Installation

MariaDB on Debian: key too long

Re: MariaDB on Debian: key too long

by Nathan Wallach -
Number of replies: 0
I'm guessing that the issue was triggered by the default use of the 4-byte utf8mb4 charset for MariaDB 10.1 in Debian 9.

The reason this causes problems is explained below.

Your solution of "downgrading" to "mySQL utf8" should be fine unless you try to put into your database table utf8 characters not allowed by "mySQL utf8" (a somewhat restricted subset of real UTF8).

Would you mind looking at the utf8 related settings in the configuration files in /etc/mysql/mariadb.conf.d/ on the machine (probably 50-server.cnf and 50-client.cnf). From what I can tell, Debian's MariaDB 10.1 is defaulting to using "utf8mb4" (see https://salsa.debian.org/mariadb-team/mariadb-10.1/commit/e6ade2be57856736e8bc8039d71b35f9ffcde48e for the commit where Debian seems to have made this change.)

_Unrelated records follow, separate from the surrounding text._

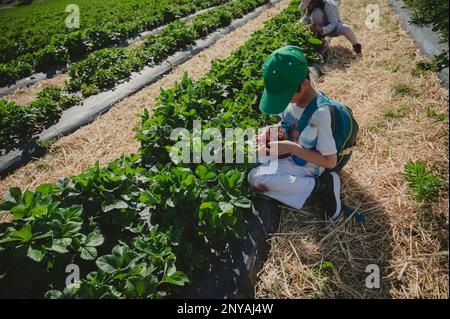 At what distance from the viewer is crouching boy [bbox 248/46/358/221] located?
7.52 ft

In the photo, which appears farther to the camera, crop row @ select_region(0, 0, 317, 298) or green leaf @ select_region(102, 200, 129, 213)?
green leaf @ select_region(102, 200, 129, 213)

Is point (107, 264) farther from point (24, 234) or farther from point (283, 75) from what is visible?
point (283, 75)

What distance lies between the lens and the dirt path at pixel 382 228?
7.72 ft

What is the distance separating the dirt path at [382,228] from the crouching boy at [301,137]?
0.32 meters

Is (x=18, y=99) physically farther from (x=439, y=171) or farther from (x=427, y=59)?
(x=427, y=59)

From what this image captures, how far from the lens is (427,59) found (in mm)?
5172

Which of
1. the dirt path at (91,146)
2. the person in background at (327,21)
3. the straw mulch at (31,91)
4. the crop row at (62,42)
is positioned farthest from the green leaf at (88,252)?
the crop row at (62,42)

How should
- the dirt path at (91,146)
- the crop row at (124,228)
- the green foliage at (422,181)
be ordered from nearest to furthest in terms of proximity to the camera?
1. the crop row at (124,228)
2. the green foliage at (422,181)
3. the dirt path at (91,146)

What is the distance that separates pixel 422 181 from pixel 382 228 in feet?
1.90

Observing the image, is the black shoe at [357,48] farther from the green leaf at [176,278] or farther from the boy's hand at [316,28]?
the green leaf at [176,278]

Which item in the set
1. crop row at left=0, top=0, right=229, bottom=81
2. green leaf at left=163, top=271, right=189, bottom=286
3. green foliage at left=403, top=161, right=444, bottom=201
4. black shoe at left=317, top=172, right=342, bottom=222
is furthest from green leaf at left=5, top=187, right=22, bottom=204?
Result: crop row at left=0, top=0, right=229, bottom=81

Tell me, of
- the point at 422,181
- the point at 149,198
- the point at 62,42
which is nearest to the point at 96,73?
the point at 62,42

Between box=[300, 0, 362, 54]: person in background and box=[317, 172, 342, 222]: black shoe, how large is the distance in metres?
4.19

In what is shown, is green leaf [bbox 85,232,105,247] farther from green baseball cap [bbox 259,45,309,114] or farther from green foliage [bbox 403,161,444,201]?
green foliage [bbox 403,161,444,201] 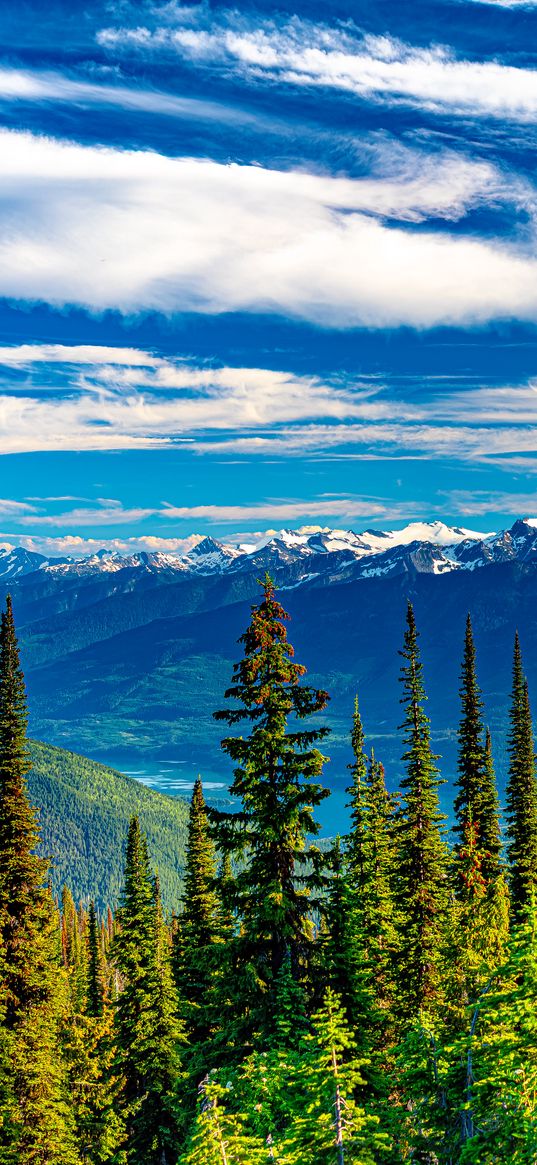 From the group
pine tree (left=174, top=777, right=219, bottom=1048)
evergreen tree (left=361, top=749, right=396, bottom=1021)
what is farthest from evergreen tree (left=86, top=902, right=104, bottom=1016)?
evergreen tree (left=361, top=749, right=396, bottom=1021)

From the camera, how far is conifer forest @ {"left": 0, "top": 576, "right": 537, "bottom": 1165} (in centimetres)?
1465

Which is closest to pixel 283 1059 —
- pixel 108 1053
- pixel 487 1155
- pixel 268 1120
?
pixel 268 1120

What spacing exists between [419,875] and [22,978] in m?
18.4

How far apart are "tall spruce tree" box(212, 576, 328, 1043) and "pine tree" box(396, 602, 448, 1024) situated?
54.2 feet

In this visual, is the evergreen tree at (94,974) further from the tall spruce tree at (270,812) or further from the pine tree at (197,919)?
the tall spruce tree at (270,812)

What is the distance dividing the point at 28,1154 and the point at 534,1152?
33.2 meters

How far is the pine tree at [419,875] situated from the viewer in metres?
40.2

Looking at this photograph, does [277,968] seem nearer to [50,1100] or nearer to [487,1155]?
[487,1155]

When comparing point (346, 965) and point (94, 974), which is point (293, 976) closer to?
point (346, 965)

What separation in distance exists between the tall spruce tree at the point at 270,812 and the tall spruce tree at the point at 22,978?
54.1ft

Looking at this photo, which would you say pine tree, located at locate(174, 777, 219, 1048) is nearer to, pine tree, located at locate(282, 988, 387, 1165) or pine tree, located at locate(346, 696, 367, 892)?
pine tree, located at locate(346, 696, 367, 892)

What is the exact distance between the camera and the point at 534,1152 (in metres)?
12.0

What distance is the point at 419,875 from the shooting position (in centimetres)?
4169

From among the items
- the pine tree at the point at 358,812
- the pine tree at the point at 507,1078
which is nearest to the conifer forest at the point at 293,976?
the pine tree at the point at 507,1078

If that is the issue, then we probably need to adjust the installation instructions for Debian 9 (and probably also for Ubuntu 18) to tell people how to bypass the problem for now.

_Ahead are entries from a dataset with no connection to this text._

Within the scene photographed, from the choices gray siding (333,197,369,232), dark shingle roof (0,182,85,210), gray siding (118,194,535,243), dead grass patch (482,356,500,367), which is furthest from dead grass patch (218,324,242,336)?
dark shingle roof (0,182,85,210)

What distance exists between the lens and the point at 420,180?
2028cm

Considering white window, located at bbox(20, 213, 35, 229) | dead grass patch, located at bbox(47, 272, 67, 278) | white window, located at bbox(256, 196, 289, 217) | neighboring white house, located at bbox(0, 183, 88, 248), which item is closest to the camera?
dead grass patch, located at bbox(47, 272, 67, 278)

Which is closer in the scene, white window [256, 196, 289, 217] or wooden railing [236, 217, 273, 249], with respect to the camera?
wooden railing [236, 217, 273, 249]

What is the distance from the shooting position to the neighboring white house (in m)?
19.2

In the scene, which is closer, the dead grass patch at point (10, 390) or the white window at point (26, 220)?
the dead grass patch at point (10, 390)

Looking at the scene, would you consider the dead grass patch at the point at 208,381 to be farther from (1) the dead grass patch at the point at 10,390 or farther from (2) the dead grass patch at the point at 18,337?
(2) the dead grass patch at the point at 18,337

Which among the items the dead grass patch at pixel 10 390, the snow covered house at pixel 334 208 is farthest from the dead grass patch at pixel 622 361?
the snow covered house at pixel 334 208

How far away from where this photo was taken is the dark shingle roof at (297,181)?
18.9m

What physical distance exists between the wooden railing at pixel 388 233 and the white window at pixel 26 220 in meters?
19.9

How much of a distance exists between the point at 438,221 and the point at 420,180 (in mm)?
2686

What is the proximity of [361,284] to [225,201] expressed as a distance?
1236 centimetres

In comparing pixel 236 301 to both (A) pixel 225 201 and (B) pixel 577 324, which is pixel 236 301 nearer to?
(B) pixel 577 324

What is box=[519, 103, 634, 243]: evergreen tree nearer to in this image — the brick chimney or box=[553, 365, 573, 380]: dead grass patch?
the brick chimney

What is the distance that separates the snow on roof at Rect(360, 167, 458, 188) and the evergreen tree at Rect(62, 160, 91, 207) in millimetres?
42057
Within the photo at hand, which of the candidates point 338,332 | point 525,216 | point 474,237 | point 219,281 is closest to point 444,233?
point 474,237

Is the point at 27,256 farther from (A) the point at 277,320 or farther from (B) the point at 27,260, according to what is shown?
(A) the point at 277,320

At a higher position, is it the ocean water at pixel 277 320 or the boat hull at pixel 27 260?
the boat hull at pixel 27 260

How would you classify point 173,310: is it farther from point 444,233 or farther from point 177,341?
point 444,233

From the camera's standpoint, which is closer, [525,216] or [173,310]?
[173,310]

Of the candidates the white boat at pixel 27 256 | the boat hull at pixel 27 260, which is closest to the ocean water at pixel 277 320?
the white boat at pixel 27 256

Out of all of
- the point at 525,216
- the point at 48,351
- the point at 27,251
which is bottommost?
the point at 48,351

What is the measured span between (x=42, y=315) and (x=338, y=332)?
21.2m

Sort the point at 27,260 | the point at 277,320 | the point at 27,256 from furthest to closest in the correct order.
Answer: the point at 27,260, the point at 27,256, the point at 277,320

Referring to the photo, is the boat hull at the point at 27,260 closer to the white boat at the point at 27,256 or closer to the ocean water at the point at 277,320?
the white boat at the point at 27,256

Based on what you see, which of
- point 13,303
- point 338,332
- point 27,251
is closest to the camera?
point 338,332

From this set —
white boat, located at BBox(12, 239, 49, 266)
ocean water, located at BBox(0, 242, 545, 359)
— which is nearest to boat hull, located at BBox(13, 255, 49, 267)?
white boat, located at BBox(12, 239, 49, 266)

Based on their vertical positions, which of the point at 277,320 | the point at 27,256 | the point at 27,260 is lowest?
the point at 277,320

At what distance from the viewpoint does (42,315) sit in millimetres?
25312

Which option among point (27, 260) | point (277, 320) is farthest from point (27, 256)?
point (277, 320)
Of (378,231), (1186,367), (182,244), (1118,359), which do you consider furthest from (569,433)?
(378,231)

The rest of the post explains the cause of the problem and why WW will need to determine how to better deal with the problem in the future.

Nathan

To the best of my recollection none of the standard WW branches are yet trying to use the "utf8mb4" charset. However, the discussions about the future internationalized versions are looking into moving to this charset (see PR 800 in the references below), and most mySQL/MariaDB experts recommend using utfumb4 and not utf8.

The reasons to use "utf8mb4" and not "plain utf8" is explained at https://mathiasbynens.be/notes/mysql-utf8mb4 and in various other web pages. PR 594 also had some discussion of the differences.

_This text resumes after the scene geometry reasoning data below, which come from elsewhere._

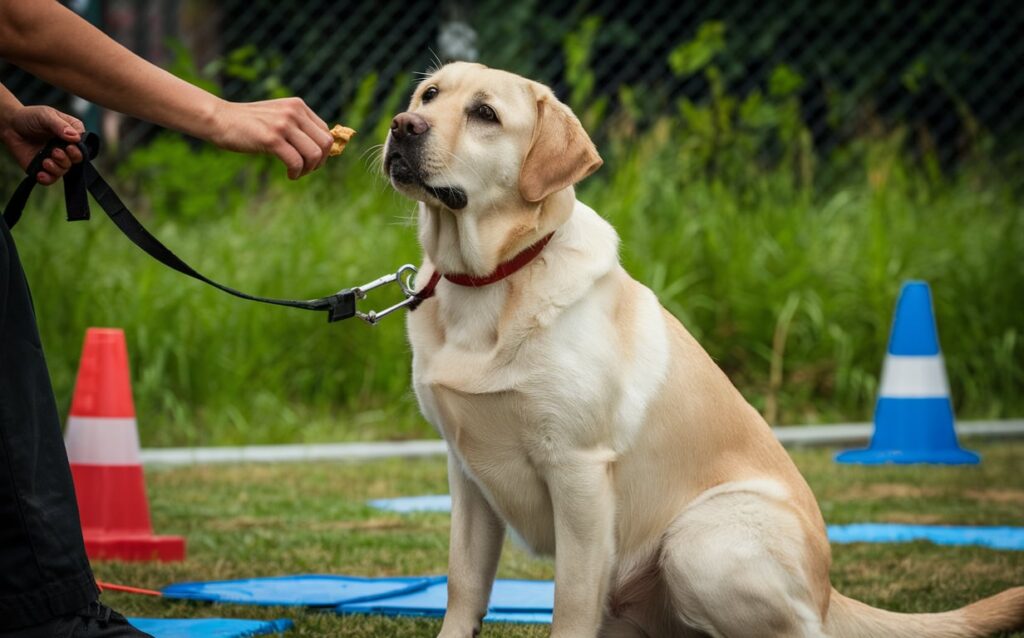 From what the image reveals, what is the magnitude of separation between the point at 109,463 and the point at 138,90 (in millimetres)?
2124

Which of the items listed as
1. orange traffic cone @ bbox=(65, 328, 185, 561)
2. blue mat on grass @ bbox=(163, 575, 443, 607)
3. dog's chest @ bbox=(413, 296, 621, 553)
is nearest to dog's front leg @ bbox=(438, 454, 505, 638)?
dog's chest @ bbox=(413, 296, 621, 553)

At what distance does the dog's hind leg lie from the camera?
9.12 feet

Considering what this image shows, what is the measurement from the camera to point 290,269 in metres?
6.83

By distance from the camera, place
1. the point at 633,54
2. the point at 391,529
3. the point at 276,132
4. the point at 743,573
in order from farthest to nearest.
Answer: the point at 633,54
the point at 391,529
the point at 743,573
the point at 276,132

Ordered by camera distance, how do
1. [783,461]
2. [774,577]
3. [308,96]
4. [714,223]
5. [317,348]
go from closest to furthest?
[774,577] → [783,461] → [317,348] → [714,223] → [308,96]

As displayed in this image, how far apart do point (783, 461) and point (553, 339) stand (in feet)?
2.17

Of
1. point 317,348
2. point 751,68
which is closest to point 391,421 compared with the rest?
point 317,348

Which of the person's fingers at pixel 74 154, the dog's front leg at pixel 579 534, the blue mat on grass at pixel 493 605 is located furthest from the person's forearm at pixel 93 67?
the blue mat on grass at pixel 493 605

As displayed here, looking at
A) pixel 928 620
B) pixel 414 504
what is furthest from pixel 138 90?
pixel 414 504

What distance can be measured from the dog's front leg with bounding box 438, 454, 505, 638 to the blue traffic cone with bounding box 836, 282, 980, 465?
10.1 ft

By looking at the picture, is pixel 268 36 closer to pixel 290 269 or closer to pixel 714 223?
pixel 290 269

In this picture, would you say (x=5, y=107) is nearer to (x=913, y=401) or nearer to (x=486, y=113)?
(x=486, y=113)

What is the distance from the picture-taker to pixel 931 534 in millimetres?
4500

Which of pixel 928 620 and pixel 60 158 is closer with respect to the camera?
pixel 60 158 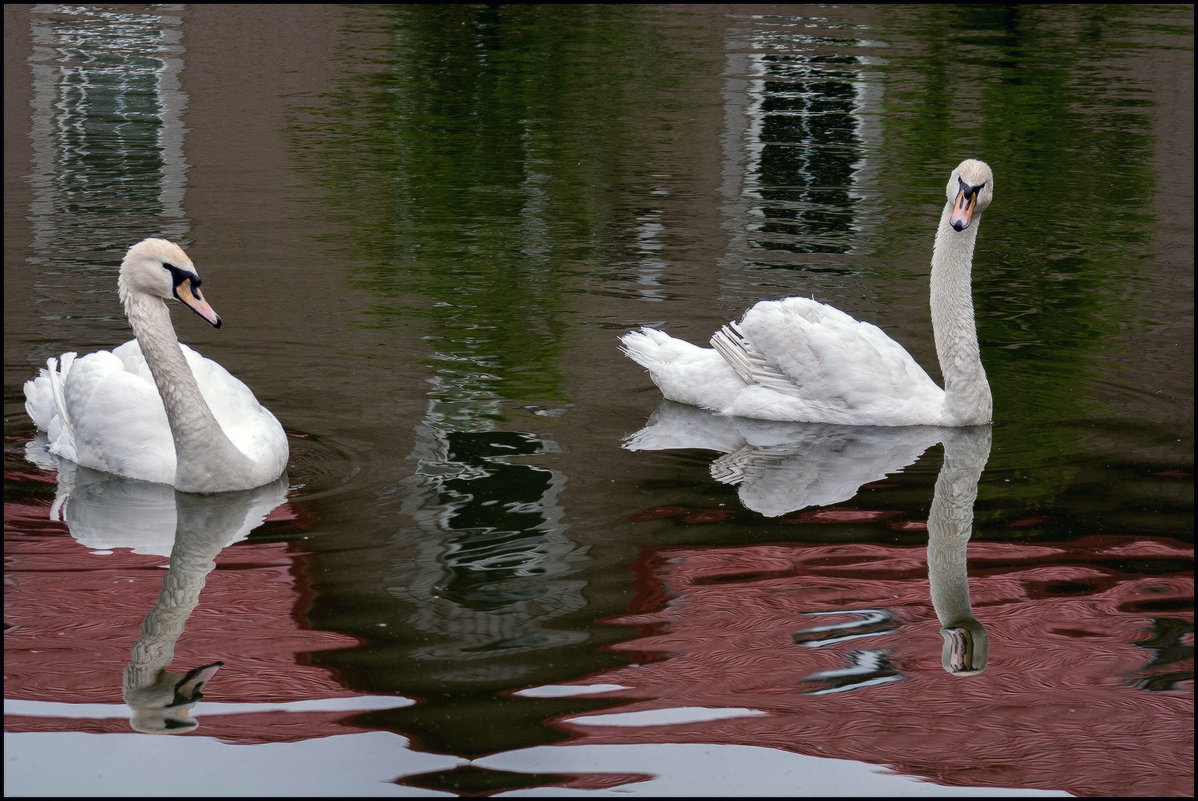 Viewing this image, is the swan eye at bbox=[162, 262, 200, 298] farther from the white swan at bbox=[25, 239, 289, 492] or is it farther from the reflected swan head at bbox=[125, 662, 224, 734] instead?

In short SQL's "plain utf8" is a subset with various limitations and issues, and only supports the characters from the "real utf8" which require 1-3 bytes to encode. That means that the character to byte conversion factor is only 3, which allows longer keys than a "real UTF8" does.

"utf8mb4" (a full UTF8 for SQL) supports all of Unicode, but as it includes the 4 byte encoded characters, requires a character to byte conversion factor of 4, and this reduced what 1000 bytes will allow from about 333 to about 250. Some versions of InnoDB tables allowed only 767 bytes, while MyIASM allowed 1000 bytes. The 767 byte limit seems to require cutting back to 191 characters with the older settings and utf8mb4. Newer DB versions/table types can apparently allow longer keys, as explained in some of the links below.

The additional byte reserved per character when using "utf8mb4" as the SQL charset means that some WW table keys end up being over the length limit (1000 bypes), while they are OK for the more restricted "utf8" charset.

At present, I'm very skeptical that you will run into trouble, as common letters is most alphabets need only 3 bytes in UTF8. Special characters, emoji, and other "strange' things do require the extra byte, so may trigger problems if somehow your WW system tries to pass them into the database.

The problem in changing to utf8mb4 is that various tables include keys which require over 1000 bytes (or 767 bytes) when utf8mb4 is used. This will be one of the challenges in getting full UTF8 support in WW, and due to that - I am somewhat aware of the issue and those of us involved in the internationalization efforts will need to consider how to deal with this issue in the near future.

There are some discussions of using INNODB tables and "innodb_large_prefix = on" with a COMPRESSED or DYNAMIC row formats and related settings to help avoid bypass issues.

Some references:
I mainly paid attention to this issue several months ago when looking at the OPL tables, in which several varchar(255) fields are included in database keys. Since you had the problem when creating the admin course, there seem to be standard course tables with the same sort of issues.

I had a look at the contents of the OPL tables a while back due to this issue, and the actual data does not currently use such long fields. The two fields which were close to 200 characters of real usage were:
  • Field: source_file in OPL_global_statistics order which had a max length of 198 characters when I looked at it, and that is a PRImary key field.
  • Field: path in OPL_path order which had a max length of 171 characters when I looked at it.